Back to Copper Harbor for a minute.
The last overlook on Brockway mountain drive as you descend into the tiny village of Copper Harbor.
For thousands of years, the view from here was of a densely forested landscape. American Indians hunted, fished, and collected copper for centuries.
But in 1843, the Keweenaw mining rush was on, and everything changed. Sheltered by Porters Island, the natural harbor below became a busy transportation and supply hub as fortune seekers arrived from near and far.
The quiet of the forest was shattered by the sounds of men unloading supplies, carving roads, digging shafts, and felling timber. Mining communities bulged as immigrant workers poured in. Though the U.S. government built a military fort to handle potential conflicts with American Indian tribes, no problems arose.
After the early mining rush faded, many immigrants stayed on as farmers, homesteaders and fisherman.
Here is a pretty cool GPS shot on the way up the Keweenaw Peninsula from Houghton/Hancock, with 41 miles to go while traveling on Route 41. Damn, just noticed the speed ! I was just cruising and relaxing during this clip and I am still doing 8 over.

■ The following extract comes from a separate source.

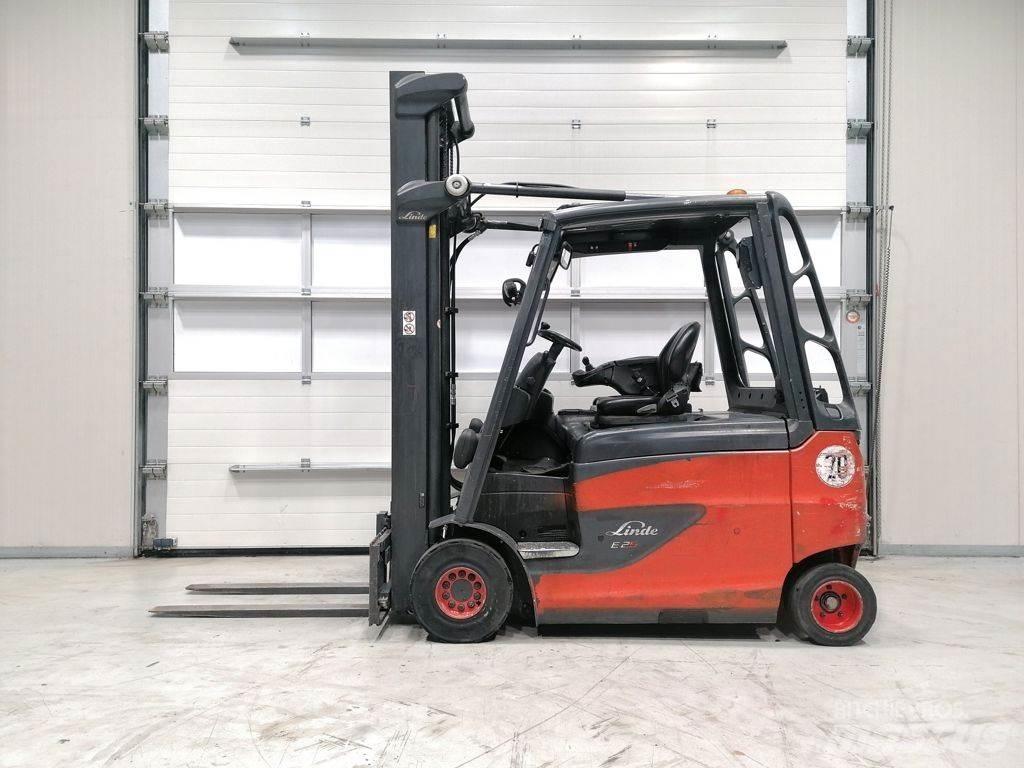 Linde E25HL-01/600 Chariots élévateurs électriques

Freakin' ST is a beast !
This was home for the night. Sweet little cabin for $65.00 a night.
Check out the door handle to the bathroom. Must be in Finn country.
The motel grounds had it's own museum containing local antiques and artifacts. Never did go and check it out, even though it was right next to my cabin, as you had to go get a staff member to come and open it. Didn't feel like bothering anyone.
Almost 2,000 miles to Miami. To think I was another couple hundred miles south of there in March - on the Key West run. Covering some ground - eating miles !
Stopped in Swede's and picked up my Daughter some copper earings.
Before retiring for the night, ran up to the local brewery, Brick Street Brewery I think, and sampled one of their local craft brews. Just one.
Running back down through the U.P. along a country road between 28 and 2, I came through an Amish community. I didn't know there were any in the U.P. It was the coolest thing seeing this large family of kids all dressed up and walking along the road following Mom. Over the years of observing the Amish stealing looks at my motorcycles, I suspect they have a secret and deep admiration for motorized two wheel travel.
I wish the picture would have came out cleaner as I passed by, as a zoomed in clear shot of the little guy directly following Mom would have been priceless. Look at him frozen in his tracks and in awe, as the geared up rider on the Mighty ST whirred by. He might just be ruined. The love of two wheeled travel and motorcycles is universal, and many of us are born with it. Then one day it is realized and acted upon ... if we are fortunate.